[Short web captions]

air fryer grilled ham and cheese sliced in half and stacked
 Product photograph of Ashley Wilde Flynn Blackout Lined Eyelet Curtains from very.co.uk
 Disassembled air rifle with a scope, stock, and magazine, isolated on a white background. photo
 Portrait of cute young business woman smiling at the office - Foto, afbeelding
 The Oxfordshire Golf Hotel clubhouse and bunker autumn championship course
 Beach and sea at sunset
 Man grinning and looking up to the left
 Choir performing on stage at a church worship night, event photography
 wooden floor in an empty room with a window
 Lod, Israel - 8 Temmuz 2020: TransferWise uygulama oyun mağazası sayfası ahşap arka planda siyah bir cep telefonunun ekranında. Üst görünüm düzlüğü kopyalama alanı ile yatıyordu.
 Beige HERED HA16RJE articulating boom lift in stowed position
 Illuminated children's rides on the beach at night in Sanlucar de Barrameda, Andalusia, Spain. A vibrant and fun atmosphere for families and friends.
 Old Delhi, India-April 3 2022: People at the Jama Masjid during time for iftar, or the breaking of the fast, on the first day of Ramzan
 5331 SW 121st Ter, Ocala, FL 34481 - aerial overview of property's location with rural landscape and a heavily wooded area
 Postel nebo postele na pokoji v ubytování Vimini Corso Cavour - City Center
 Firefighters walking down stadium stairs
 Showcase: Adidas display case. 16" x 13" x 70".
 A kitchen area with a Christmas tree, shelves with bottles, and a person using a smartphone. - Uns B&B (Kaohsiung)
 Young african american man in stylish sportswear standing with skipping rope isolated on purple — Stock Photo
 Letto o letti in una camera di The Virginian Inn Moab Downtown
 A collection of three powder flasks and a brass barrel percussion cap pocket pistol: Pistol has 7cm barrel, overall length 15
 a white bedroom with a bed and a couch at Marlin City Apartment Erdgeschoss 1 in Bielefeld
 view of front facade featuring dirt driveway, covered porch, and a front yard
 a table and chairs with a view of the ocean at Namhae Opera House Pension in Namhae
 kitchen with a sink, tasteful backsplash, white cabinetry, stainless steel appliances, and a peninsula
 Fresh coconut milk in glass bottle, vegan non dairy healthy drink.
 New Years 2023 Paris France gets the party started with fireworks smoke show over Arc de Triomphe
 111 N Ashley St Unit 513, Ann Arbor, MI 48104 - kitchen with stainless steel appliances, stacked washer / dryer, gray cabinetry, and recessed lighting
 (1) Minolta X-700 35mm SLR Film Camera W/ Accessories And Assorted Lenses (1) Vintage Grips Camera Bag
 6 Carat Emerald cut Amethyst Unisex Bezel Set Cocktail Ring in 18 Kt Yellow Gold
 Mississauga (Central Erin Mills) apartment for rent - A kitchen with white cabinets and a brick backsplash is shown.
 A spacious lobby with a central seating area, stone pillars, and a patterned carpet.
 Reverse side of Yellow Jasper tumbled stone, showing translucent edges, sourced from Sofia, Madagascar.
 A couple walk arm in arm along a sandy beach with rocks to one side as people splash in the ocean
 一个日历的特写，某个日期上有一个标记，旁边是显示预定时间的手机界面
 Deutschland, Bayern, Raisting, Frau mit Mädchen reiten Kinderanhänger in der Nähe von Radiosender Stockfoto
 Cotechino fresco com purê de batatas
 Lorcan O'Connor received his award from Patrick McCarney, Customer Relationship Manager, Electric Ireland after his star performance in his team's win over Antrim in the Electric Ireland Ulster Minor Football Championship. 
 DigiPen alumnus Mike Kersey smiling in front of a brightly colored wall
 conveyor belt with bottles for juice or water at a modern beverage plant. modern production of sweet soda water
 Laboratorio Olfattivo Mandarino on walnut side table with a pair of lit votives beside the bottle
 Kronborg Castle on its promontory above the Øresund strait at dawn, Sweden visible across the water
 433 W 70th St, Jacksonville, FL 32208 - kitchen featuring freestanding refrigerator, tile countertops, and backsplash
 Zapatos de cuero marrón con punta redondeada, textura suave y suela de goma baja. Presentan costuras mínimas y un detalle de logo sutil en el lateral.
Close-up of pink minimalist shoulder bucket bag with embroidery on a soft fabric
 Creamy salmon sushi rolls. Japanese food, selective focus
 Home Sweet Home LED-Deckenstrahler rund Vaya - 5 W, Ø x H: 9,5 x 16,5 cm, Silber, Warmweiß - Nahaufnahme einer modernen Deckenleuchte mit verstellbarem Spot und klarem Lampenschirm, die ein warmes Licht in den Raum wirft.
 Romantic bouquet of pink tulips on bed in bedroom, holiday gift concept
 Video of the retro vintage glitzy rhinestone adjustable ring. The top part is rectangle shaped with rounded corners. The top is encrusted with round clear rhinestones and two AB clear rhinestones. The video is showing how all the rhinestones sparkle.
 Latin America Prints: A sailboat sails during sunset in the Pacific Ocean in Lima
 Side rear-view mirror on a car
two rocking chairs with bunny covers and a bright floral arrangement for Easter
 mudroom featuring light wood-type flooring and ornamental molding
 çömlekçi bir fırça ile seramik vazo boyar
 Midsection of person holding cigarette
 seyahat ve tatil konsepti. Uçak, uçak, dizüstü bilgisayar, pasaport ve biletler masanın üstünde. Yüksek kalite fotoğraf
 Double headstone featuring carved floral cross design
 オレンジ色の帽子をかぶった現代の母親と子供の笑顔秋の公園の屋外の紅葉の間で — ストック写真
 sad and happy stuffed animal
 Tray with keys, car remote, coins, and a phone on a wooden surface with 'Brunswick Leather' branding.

• The problem
Extract the entries above verbatim.

• Task output
air fryer grilled ham and cheese sliced in half and stacked
 Product photograph of Ashley Wilde Flynn Blackout Lined Eyelet Curtains from very.co.uk
 Disassembled air rifle with a scope, stock, and magazine, isolated on a white background. photo
 Portrait of cute young business woman smiling at the office - Foto, afbeelding
 The Oxfordshire Golf Hotel clubhouse and bunker autumn championship course
 Beach and sea at sunset
 Man grinning and looking up to the left
 Choir performing on stage at a church worship night, event photography
 wooden floor in an empty room with a window
 Lod, Israel - 8 Temmuz 2020: TransferWise uygulama oyun mağazası sayfası ahşap arka planda siyah bir cep telefonunun ekranında. Üst görünüm düzlüğü kopyalama alanı ile yatıyordu.
 Beige HERED HA16RJE articulating boom lift in stowed position
 Illuminated children's rides on the beach at night in Sanlucar de Barrameda, Andalusia, Spain. A vibrant and fun atmosphere for families and friends.
 Old Delhi, India-April 3 2022: People at the Jama Masjid during time for iftar, or the breaking of the fast, on the first day of Ramzan
 5331 SW 121st Ter, Ocala, FL 34481 - aerial overview of property's location with rural landscape and a heavily wooded area
 Postel nebo postele na pokoji v ubytování Vimini Corso Cavour - City Center
 Firefighters walking down stadium stairs
 Showcase: Adidas display case. 16" x 13" x 70".
 A kitchen area with a Christmas tree, shelves with bottles, and a person using a smartphone. - Uns B&B (Kaohsiung)
 Young african american man in stylish sportswear standing with skipping rope isolated on purple — Stock Photo
 Letto o letti in una camera di The Virginian Inn Moab Downtown
 A collection of three powder flasks and a brass barrel percussion cap pocket pistol: Pistol has 7cm barrel, overall length 15
 a white bedroom with a bed and a couch at Marlin City Apartment Erdgeschoss 1 in Bielefeld
 view of front facade featuring dirt driveway, covered porch, and a front yard
 a table and chairs with a view of the ocean at Namhae Opera House Pension in Namhae
 kitchen with a sink, tasteful backsplash, white cabinetry, stainless steel appliances, and a peninsula
 Fresh coconut milk in glass bottle, vegan non dairy healthy drink.
 New Years 2023 Paris France gets the party started with fireworks smoke show over Arc de Triomphe
 111 N Ashley St Unit 513, Ann Arbor, MI 48104 - kitchen with stainless steel appliances, stacked washer / dryer, gray cabinetry, and recessed lighting
 (1) Minolta X-700 35mm SLR Film Camera W/ Accessories And Assorted Lenses (1) Vintage Grips Camera Bag
 6 Carat Emerald cut Amethyst Unisex Bezel Set Cocktail Ring in 18 Kt Yellow Gold
 Mississauga (Central Erin Mills) apartment for rent - A kitchen with white cabinets and a brick backsplash is shown.
 A spacious lobby with a central seating area, stone pillars, and a patterned carpet.
 Reverse side of Yellow Jasper tumbled stone, showing translucent edges, sourced from Sofia, Madagascar.
 A couple walk arm in arm along a sandy beach with rocks to one side as people splash in the ocean
 一个日历的特写，某个日期上有一个标记，旁边是显示预定时间的手机界面
 Deutschland, Bayern, Raisting, Frau mit Mädchen reiten Kinderanhänger in der Nähe von Radiosender Stockfoto
 Cotechino fresco com purê de batatas
 Lorcan O'Connor received his award from Patrick McCarney, Customer Relationship Manager, Electric Ireland after his star performance in his team's win over Antrim in the Electric Ireland Ulster Minor Football Championship. 
 DigiPen alumnus Mike Kersey smiling in front of a brightly colored wall
 conveyor belt with bottles for juice or water at a modern beverage plant. modern production of sweet soda water
 Laboratorio Olfattivo Mandarino on walnut side table with a pair of lit votives beside the bottle
 Kronborg Castle on its promontory above the Øresund strait at dawn, Sweden visible across the water
 433 W 70th St, Jacksonville, FL 32208 - kitchen featuring freestanding refrigerator, tile countertops, and backsplash
 Zapatos de cuero marrón con punta redondeada, textura suave y suela de goma baja. Presentan costuras mínimas y un detalle de logo sutil en el lateral.
Close-up of pink minimalist shoulder bucket bag with embroidery on a soft fabric
 Creamy salmon sushi rolls. Japanese food, selective focus
 Home Sweet Home LED-Deckenstrahler rund Vaya - 5 W, Ø x H: 9,5 x 16,5 cm, Silber, Warmweiß - Nahaufnahme einer modernen Deckenleuchte mit verstellbarem Spot und klarem Lampenschirm, die ein warmes Licht in den Raum wirft.
 Romantic bouquet of pink tulips on bed in bedroom, holiday gift concept
 Video of the retro vintage glitzy rhinestone adjustable ring. The top part is rectangle shaped with rounded corners. The top is encrusted with round clear rhinestones and two AB clear rhinestones. The video is showing how all the rhinestones sparkle.
 Latin America Prints: A sailboat sails during sunset in the Pacific Ocean in Lima
 Side rear-view mirror on a car
two rocking chairs with bunny covers and a bright floral arrangement for Easter
 mudroom featuring light wood-type flooring and ornamental molding
 çömlekçi bir fırça ile seramik vazo boyar
 Midsection of person holding cigarette
 seyahat ve tatil konsepti. Uçak, uçak, dizüstü bilgisayar, pasaport ve biletler masanın üstünde. Yüksek kalite fotoğraf
 Double headstone featuring carved floral cross design
 オレンジ色の帽子をかぶった現代の母親と子供の笑顔秋の公園の屋外の紅葉の間で — ストック写真
 sad and happy stuffed animal
 Tray with keys, car remote, coins, and a phone on a wooden surface with 'Brunswick Leather' branding.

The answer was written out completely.